Reduce Rebalance Downtime (by x450) for Stateless Kafka Streams Apps

Posted on Jun 17, 2023 · 8min read · intermediate

Cover image showing the Kafka log, a stopwatch, suggesting 'kafka-streams partition rebalance downtime' to be reduced from 45s to 100ms

In this post, we’ll learn how Kafka Streams Consumers behave differently from regular Kafka Consumers, the consequences for the application, as well as steps to minimise downtimes in event processing when consumer group members change.

With the default configuration, a containerised stateless Streams app pauses processing for >45s when one app instance (group member) is removed or restarted. For real-time data streaming workloads with a low e2e latency as an NFR (non-functional requirement), such a long ‘rebalance downtime’ often is unacceptable.

Fortunately, there’s a simple yet efficient solution to address this problem.

As a bonus, we will look under the hood of Kafka Consumer Groups, the Group Coordinator & Rebalance Protocol, and measure, analyse and evaluate a simulation of a group member (replica) re-creation running on Kubernetes.

...TLDR? => Spoiler:

props.put("internal.leave.group.on.close", true);

Theory

Regular Consumer Behaviour

Let’s briefly recap on Kafka Consumers and Consumer groups.

An Apache Kafka® Consumer is a client application that subscribes to (reads and processes) events.
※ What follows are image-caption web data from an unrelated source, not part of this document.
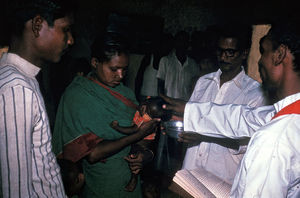 Diasserie "BLC - ung kirke i Bangladesh" - Gudstjeneste i BLC, Nr. 09 - Der holdes dåb for både voksne og børn, men aldrig uden forudgående kristendomsundervisning. Selv spædbørn bliver ikke døbt før præsten mener, at forældrene kan og vil opdrage dem i den kristne børnelærdom, f. eks. Fadervor, Trosbekendelsen og De 10 bud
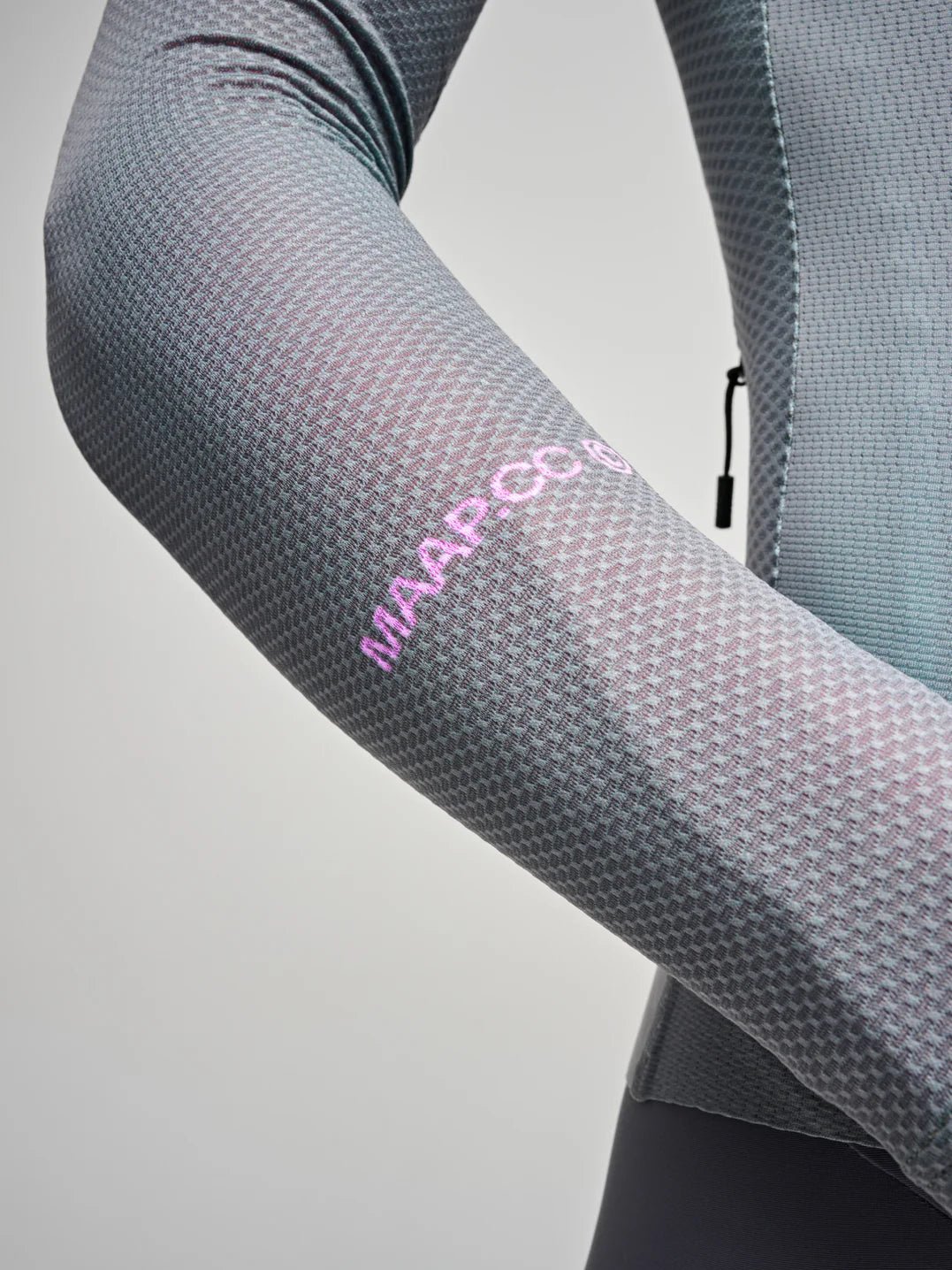 MAAP Blaze Pro Air LS Jersey 3.0 Gargoyle Maillot Hombre - La Cumbre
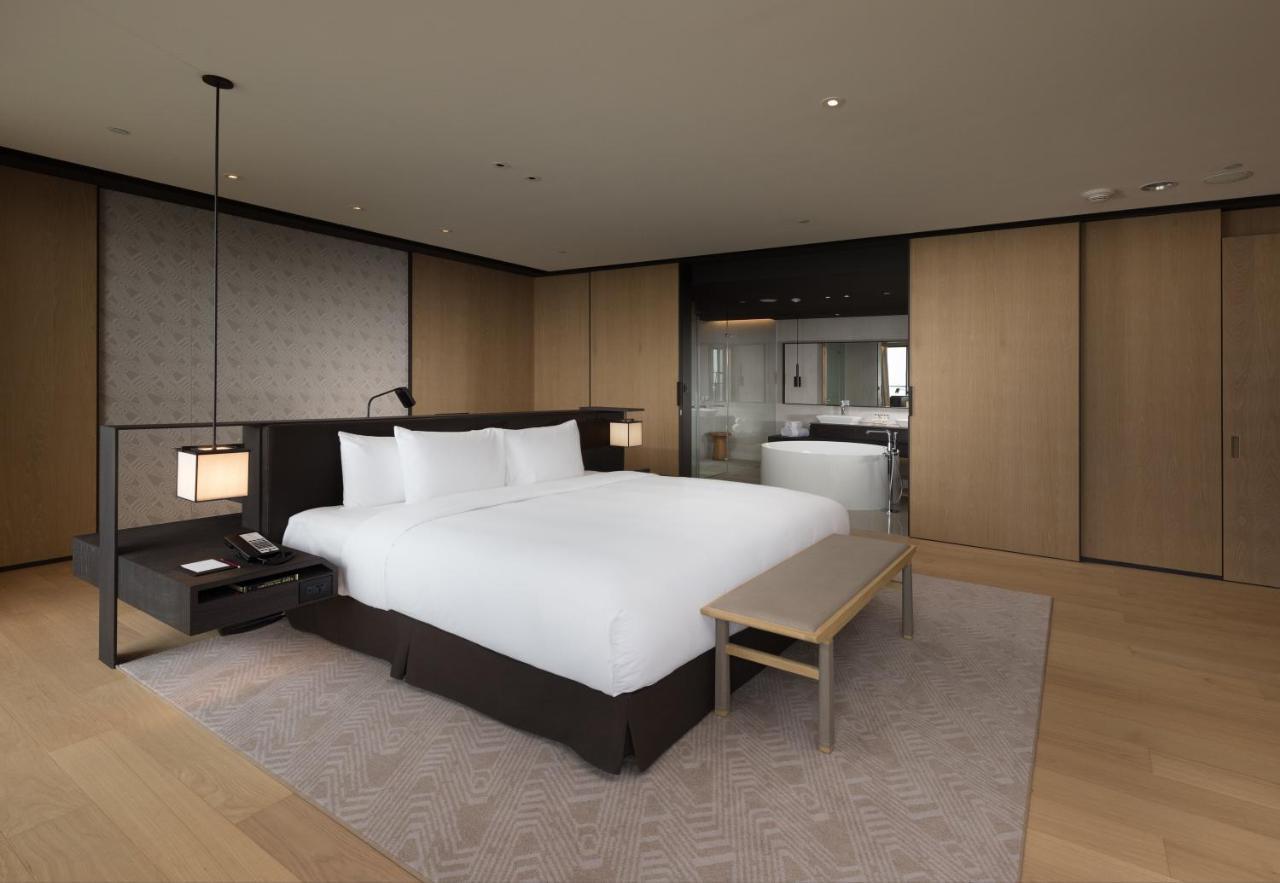 ホテル クラウン プラザ 台南 エクステリア 写真 A bedroom at The Hari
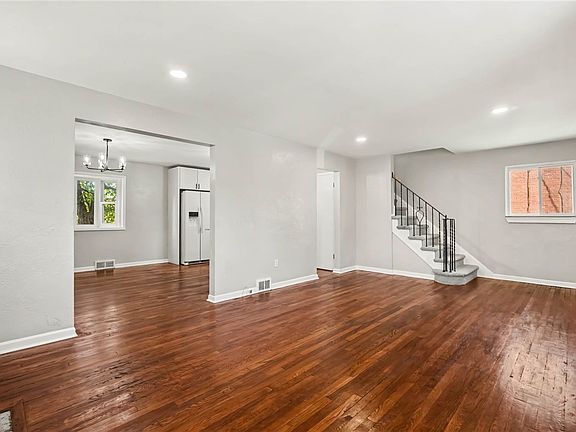 4th image of 110 Miller Ave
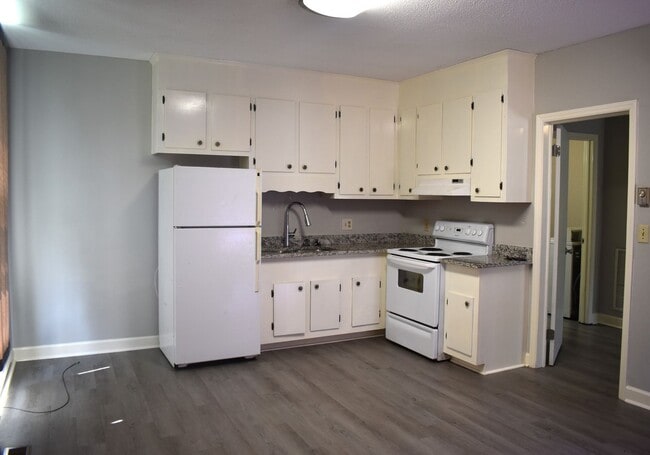 Foto del edificio - Newly Renovated 1 Bed/1 Bath Quadplex in C...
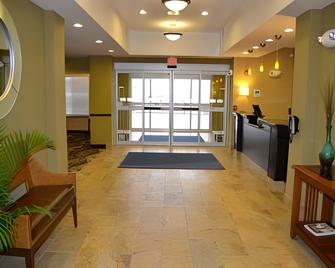 Holiday Inn Express & Suites Northwood - Northwood - Lobby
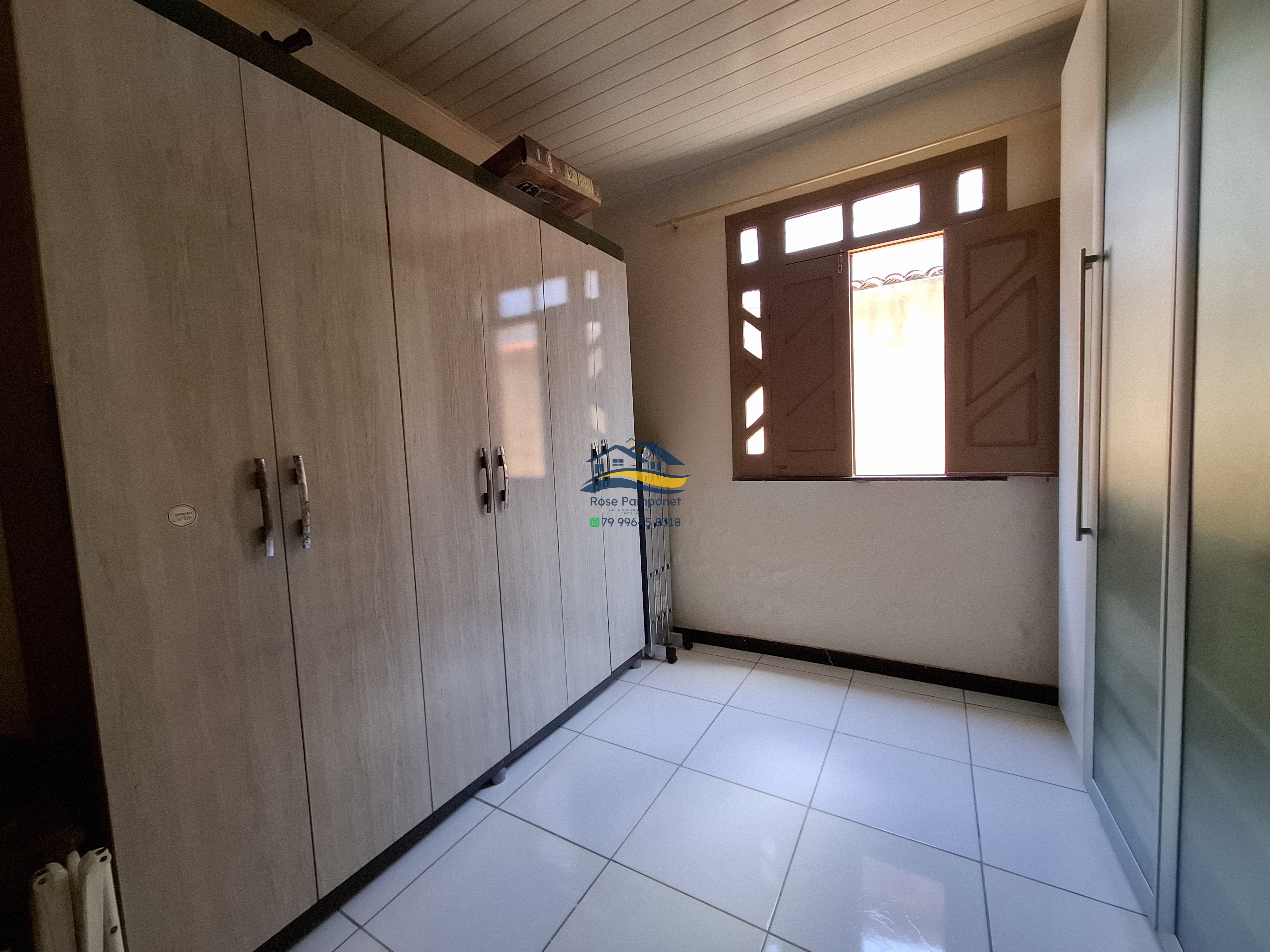 Casa á venda na aruana com 3 quartos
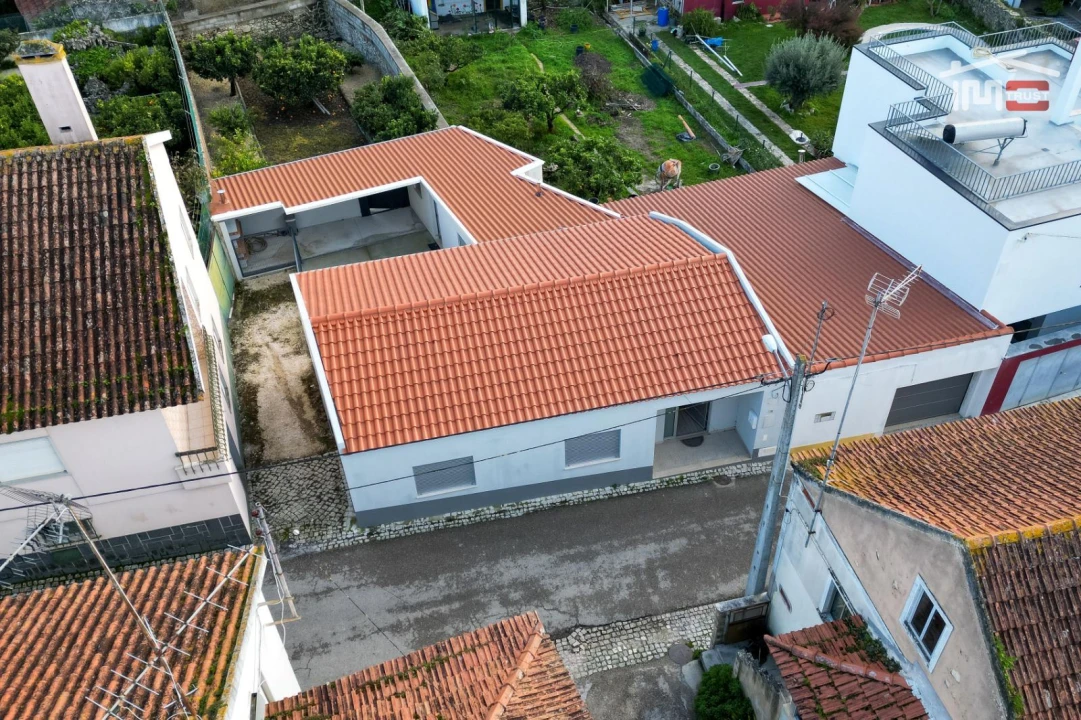 Moradia T2 para Venda em Reguengo do Fetal Foto 30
A consumer group is a set of consumers which cooperate to consume data from some topics. The partitions of all the topics are divided among the consumers in the group. As new group members arrive and old members leave, the partitions are re-assigned so that each member receives a proportional share of the partitions. This is known as rebalancing the group.
(…) One of the brokers is designated as the group’s coordinator and is responsible for managing the members of the group as well as their partition assignments.
(…) When the consumer starts up, it finds the coordinator for its group and sends a request to join the group. The coordinator then begins a group rebalance so that the new member is assigned its fair share of the group’s partitions. Every rebalance results in a new generation of the group.
Each member in the group must send heartbeats to the coordinator in order to remain a member of the group. If no heartbeat is received before expiration of the configured session timeout, then the coordinator will kick the member out of the group and reassign its partitions to another member.

(Source: Kafka Consumer | Confluent Documentation)

When a consumer leaves a group due to a controlled shutdown or a crash, its partitions are reassigned automatically to other consumers. Similarly, when a consumer (re) joins an existing group, all partitions are rebalanced among the group members. This dynamic group cooperation is facilitated by the Kafka Rebalance Protocol.

For a rebalance scenario where one instance is stopped, the Consumer sends a LeaveGroup request to the coordinator before stopping (as part of a graceful shutdown, Consumer#close()), which triggers a rebalance.

During the entire rebalancing process, i.e. as long as the partitions are not reassigned, consumers no longer process any data. Fortunately, rebalancing is very fast, typically between anything from 50ms to seconds. It may vary depending on different factors, such as load on your Kafka cluster or the complexity of your Streams topology (no. of input topics, streams tasks := partitions, and state stores, … -> total no. of consumers).

!= Streams Consumer Behaviour

For Kafka Streams, some config properties are overridden via (StreamsConfig.CONSUMER_DEFAULT_OVERRIDES). One of those properties is "internal.leave.group.on.close", set to false (enabled by default for regular Consumers).

Please note it’s a non-public config, which may change without prior notice with new releases. Reference: ConsumerConfig.LEAVE_GROUP_ON_CLOSE_CONFIG.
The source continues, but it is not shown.